(Beginning of DATA FOR REVIEW)

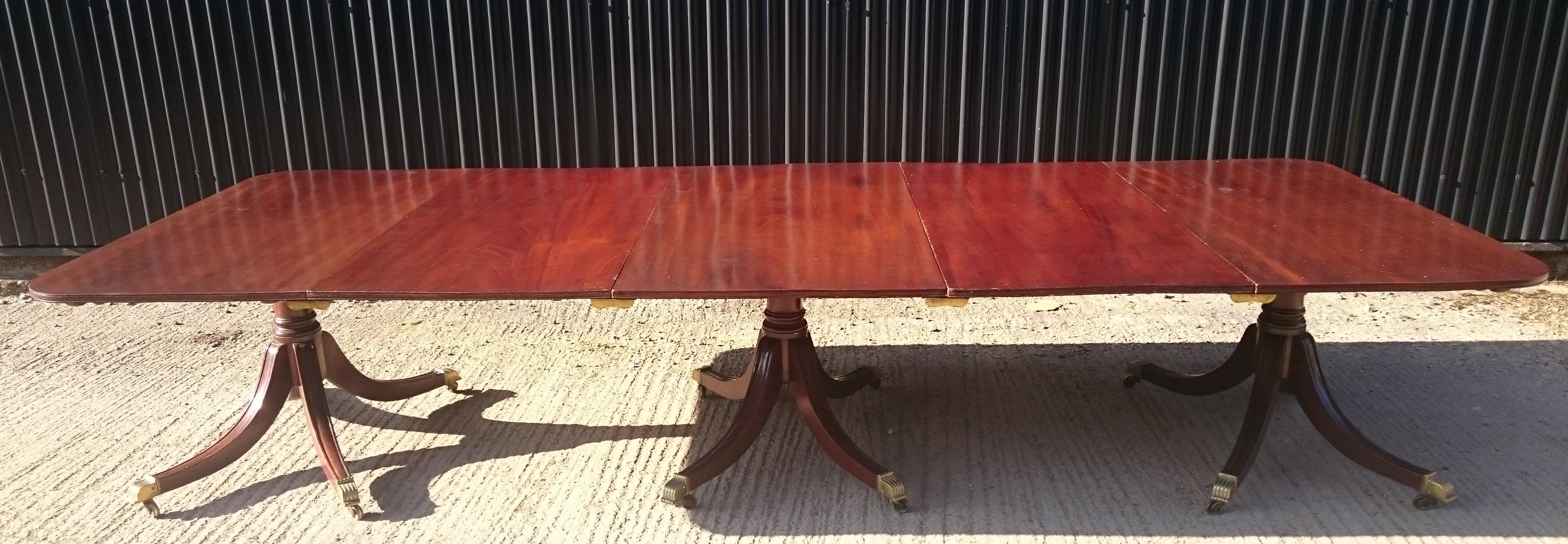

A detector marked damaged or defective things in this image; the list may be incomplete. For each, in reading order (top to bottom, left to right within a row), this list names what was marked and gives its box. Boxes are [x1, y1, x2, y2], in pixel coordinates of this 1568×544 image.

cracked concrete floor [0, 285, 1561, 544]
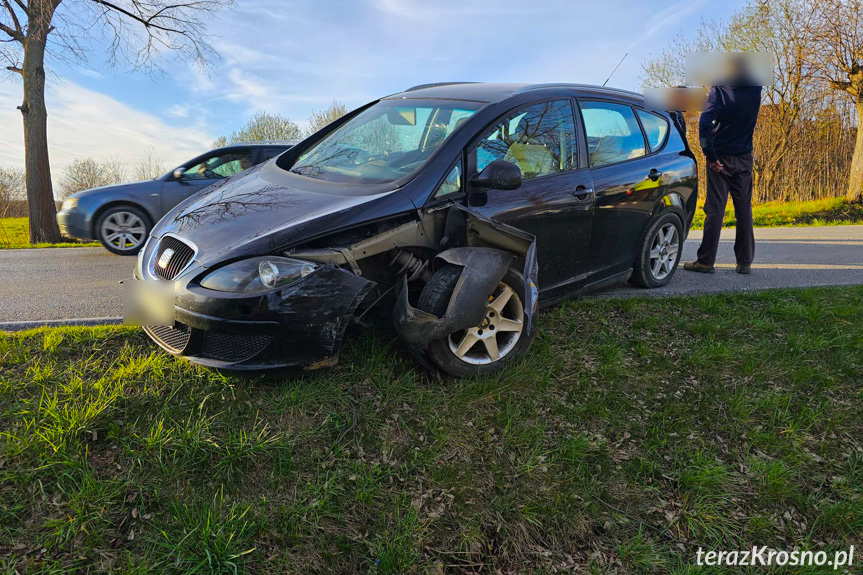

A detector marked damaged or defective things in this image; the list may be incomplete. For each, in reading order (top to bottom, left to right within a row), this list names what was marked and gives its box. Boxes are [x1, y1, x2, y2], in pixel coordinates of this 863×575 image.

damaged front bumper [137, 260, 372, 372]
detached front wheel [416, 264, 532, 378]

(End of DATA FOR REVIEW)

* [EXERCISE AIM] All of the records need repeating exactly, except for the pictures.

* [EXERCISE RESULT]
A detector marked damaged or defective things in this image; the list may be incomplete. For each, in reading order (top to bottom, left to right within a row), this list names what was marked and gives its box. Boxes are [x1, y1, x2, y2], in pixel coordinates of this 1568×544 image.

cracked concrete floor [0, 285, 1561, 544]

A detector marked damaged or defective things in this image; the list may be incomplete. For each, in reading order (top to bottom, left to right within a row), this list names what was marked and gives its box. Boxes are [x1, y1, x2, y2], in pixel coordinates of this 863×575 image.

damaged front bumper [137, 260, 372, 372]
detached front wheel [416, 264, 532, 378]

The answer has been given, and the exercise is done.